Return every line from the records below with the string "filter".

* RECORDS TO PROCESS *
● ● ● ● ● ● ●

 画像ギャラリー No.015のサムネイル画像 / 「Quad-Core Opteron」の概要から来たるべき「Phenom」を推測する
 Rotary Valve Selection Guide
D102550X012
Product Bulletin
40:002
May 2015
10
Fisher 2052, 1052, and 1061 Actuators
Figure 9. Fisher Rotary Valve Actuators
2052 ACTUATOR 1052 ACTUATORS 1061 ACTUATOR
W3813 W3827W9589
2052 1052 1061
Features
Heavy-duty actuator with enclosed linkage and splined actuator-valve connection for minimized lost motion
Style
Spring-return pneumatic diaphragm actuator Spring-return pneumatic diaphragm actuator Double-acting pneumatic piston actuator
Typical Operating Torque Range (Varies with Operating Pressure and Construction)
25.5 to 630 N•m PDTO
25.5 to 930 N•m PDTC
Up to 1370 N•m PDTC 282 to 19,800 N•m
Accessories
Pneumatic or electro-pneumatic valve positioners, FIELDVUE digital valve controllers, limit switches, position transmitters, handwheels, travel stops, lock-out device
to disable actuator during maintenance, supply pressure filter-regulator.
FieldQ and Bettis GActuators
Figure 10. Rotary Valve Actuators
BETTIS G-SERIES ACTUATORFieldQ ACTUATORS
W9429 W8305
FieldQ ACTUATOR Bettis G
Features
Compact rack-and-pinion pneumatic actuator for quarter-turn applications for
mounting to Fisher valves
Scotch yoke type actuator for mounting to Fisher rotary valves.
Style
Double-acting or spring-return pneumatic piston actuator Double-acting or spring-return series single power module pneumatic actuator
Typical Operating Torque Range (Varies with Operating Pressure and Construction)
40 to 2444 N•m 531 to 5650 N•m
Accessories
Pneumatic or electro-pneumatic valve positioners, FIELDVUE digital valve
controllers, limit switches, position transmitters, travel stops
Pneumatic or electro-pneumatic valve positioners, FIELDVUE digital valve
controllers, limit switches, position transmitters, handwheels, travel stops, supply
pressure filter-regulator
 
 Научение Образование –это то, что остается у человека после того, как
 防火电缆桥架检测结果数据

● ● ● ● ● ● ●

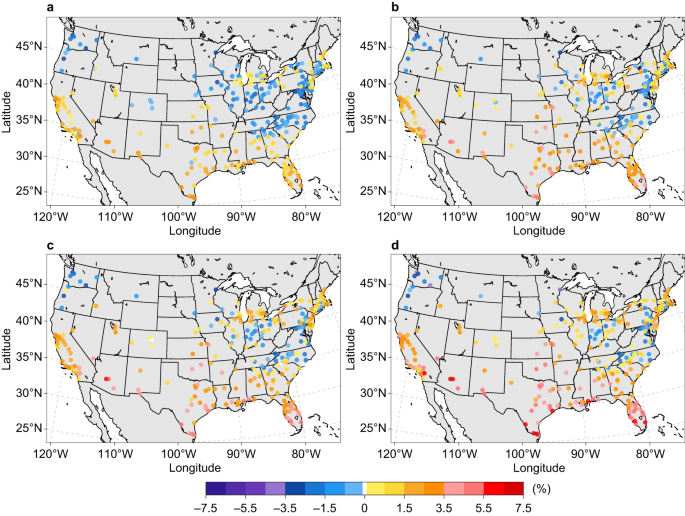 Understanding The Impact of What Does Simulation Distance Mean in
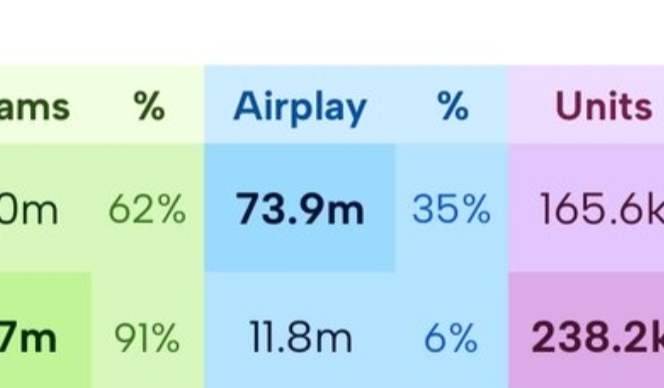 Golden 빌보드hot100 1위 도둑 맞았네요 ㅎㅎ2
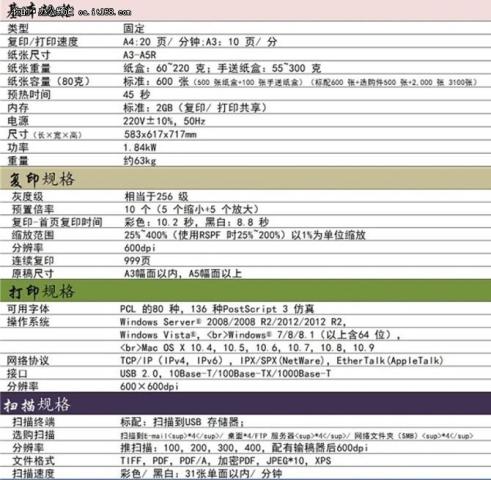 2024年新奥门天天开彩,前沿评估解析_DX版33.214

● ● ● ● ● ● ●

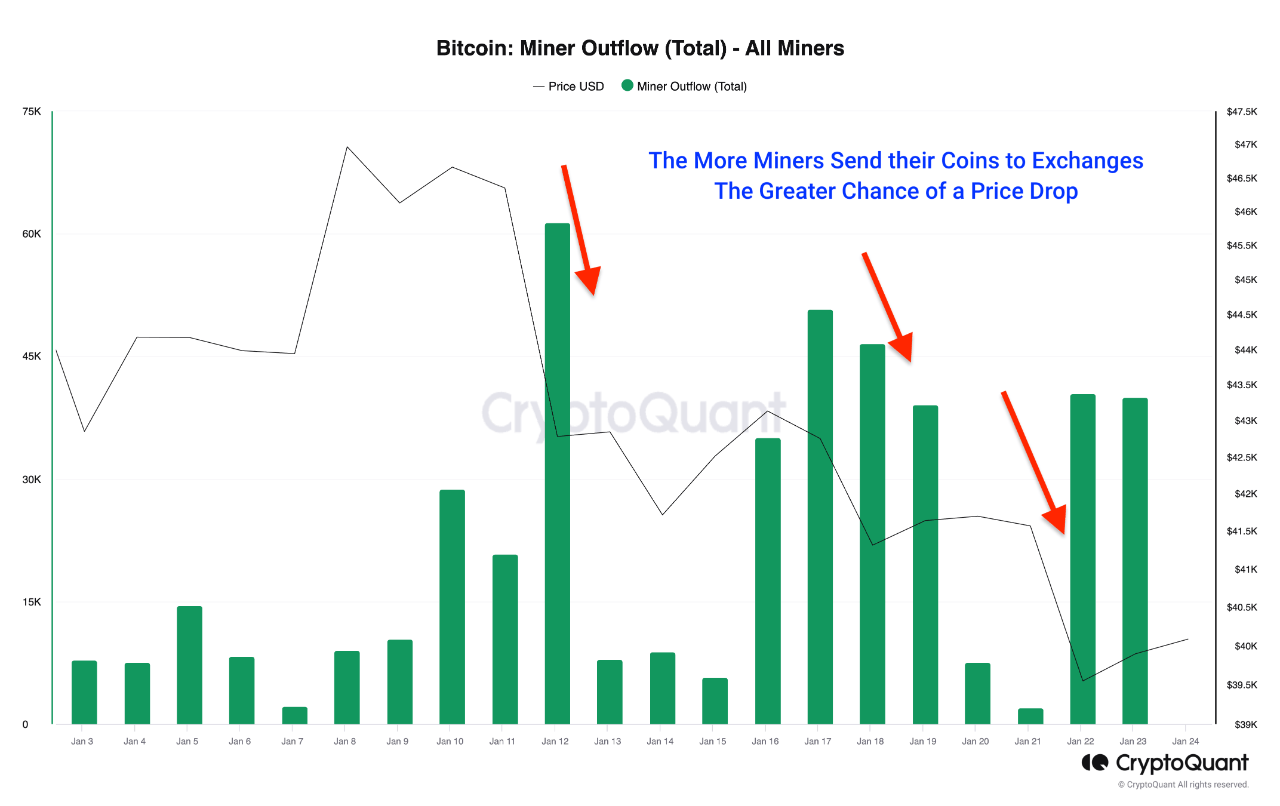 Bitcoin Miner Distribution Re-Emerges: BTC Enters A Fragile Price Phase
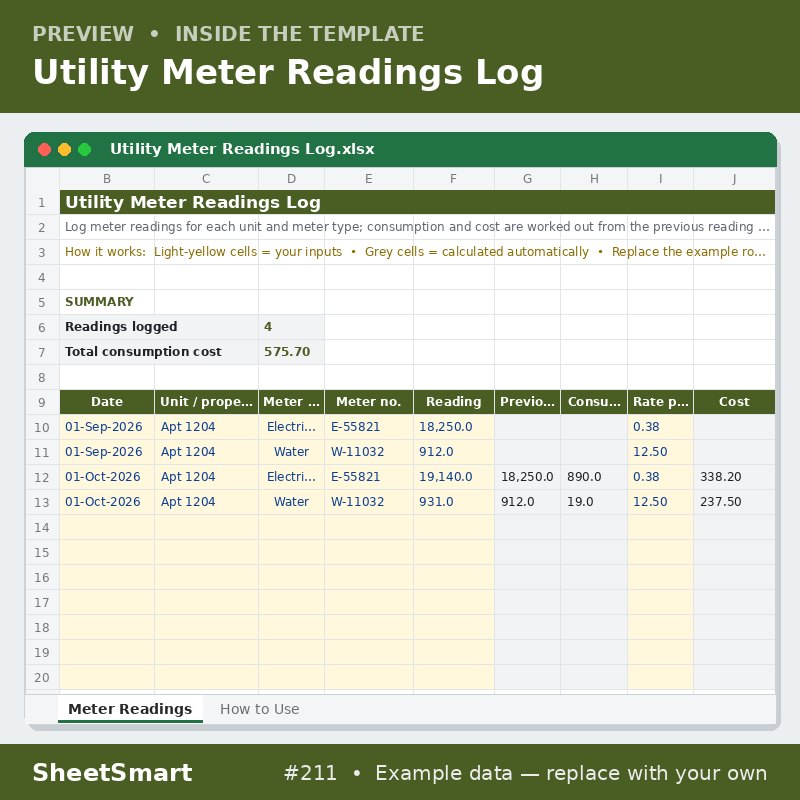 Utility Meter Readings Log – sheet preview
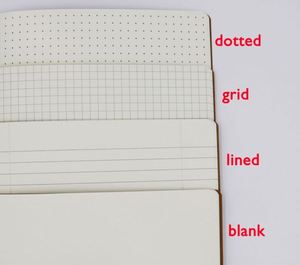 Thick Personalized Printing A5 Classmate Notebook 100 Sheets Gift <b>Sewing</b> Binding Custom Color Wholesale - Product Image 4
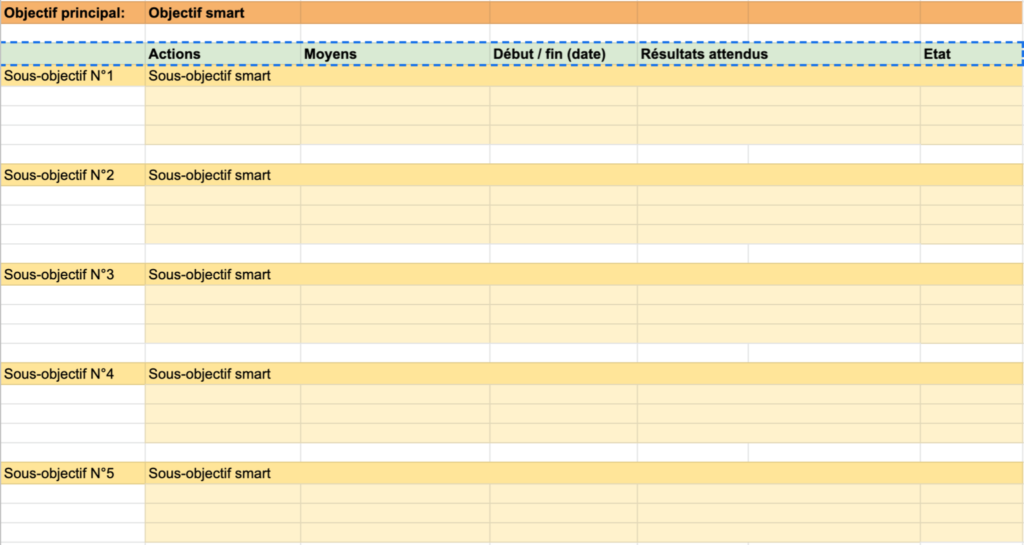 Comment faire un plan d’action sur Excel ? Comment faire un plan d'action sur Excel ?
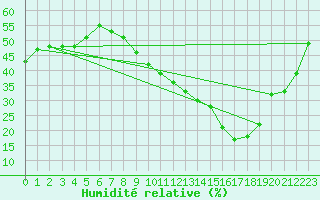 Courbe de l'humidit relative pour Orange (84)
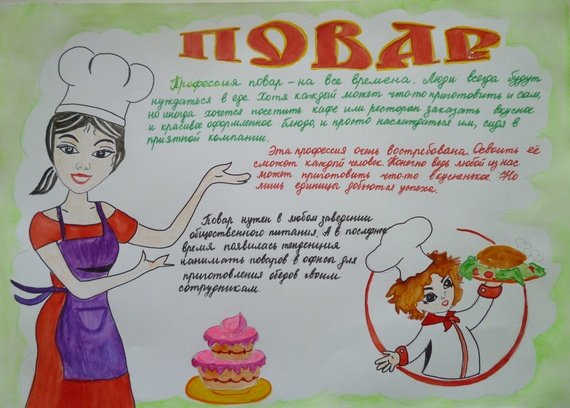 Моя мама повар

● ● ● ● ● ● ●

* ANSWER TO THE EXERCISE *
to disable actuator during maintenance, supply pressure filter-regulator.
pressure filter-regulator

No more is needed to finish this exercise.